_GOAL OF THE EXERCISE_
Exactly as written, please repeat the data that follows, but not the pictures.
DATA PROVIDED: Begin
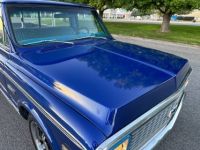 Chevrolet C10 - <small></small> 28.000 € <small>TTC</small> - #17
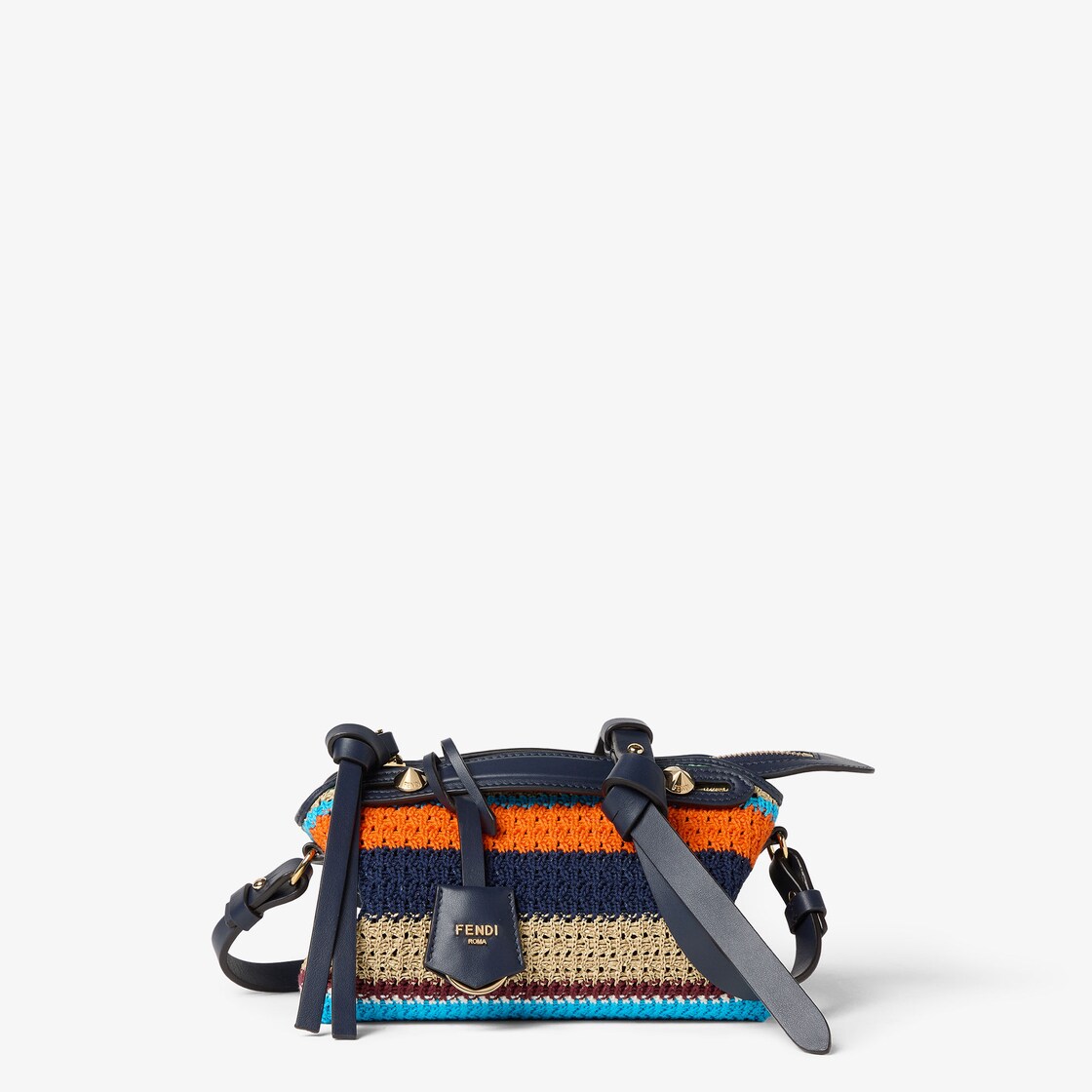 バイ ザ ウェイ ソフト ミニ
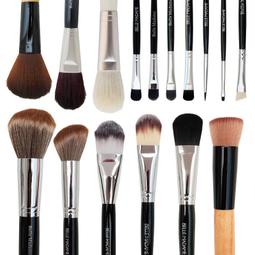 眼線眉型套組-完美眉型正妹專用畫眉卡+不鏽鋼眉夾+眼線液 眼線筆輔助器KIRET 歷史價格詳細信息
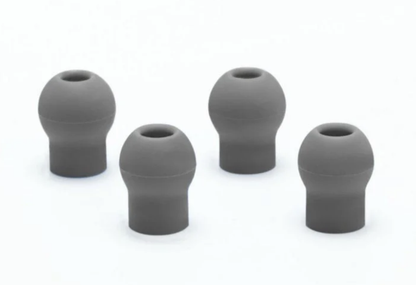 Adsoft POP Eartips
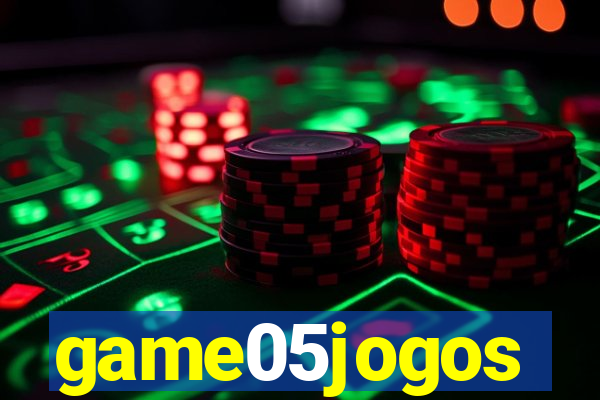 game05jogos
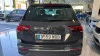 Volkswagen Tiguan 2.0TDI LIFE DSG 110KW Volkswagen Tiguan 2.0TDI LIFE DSG 110KW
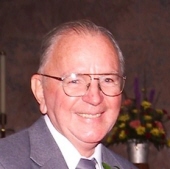 Gerald M. Schiedewitz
DATA PROVIDED: End
_RESULT OF THE EXERCISE_
 Chevrolet C10 - <small></small> 28.000 € <small>TTC</small> - #17
 バイ ザ ウェイ ソフト ミニ
 眼線眉型套組-完美眉型正妹專用畫眉卡+不鏽鋼眉夾+眼線液 眼線筆輔助器KIRET 歷史價格詳細信息
 Adsoft POP Eartips
 game05jogos
 Volkswagen Tiguan 2.0TDI LIFE DSG 110KW Volkswagen Tiguan 2.0TDI LIFE DSG 110KW
 Gerald M. Schiedewitz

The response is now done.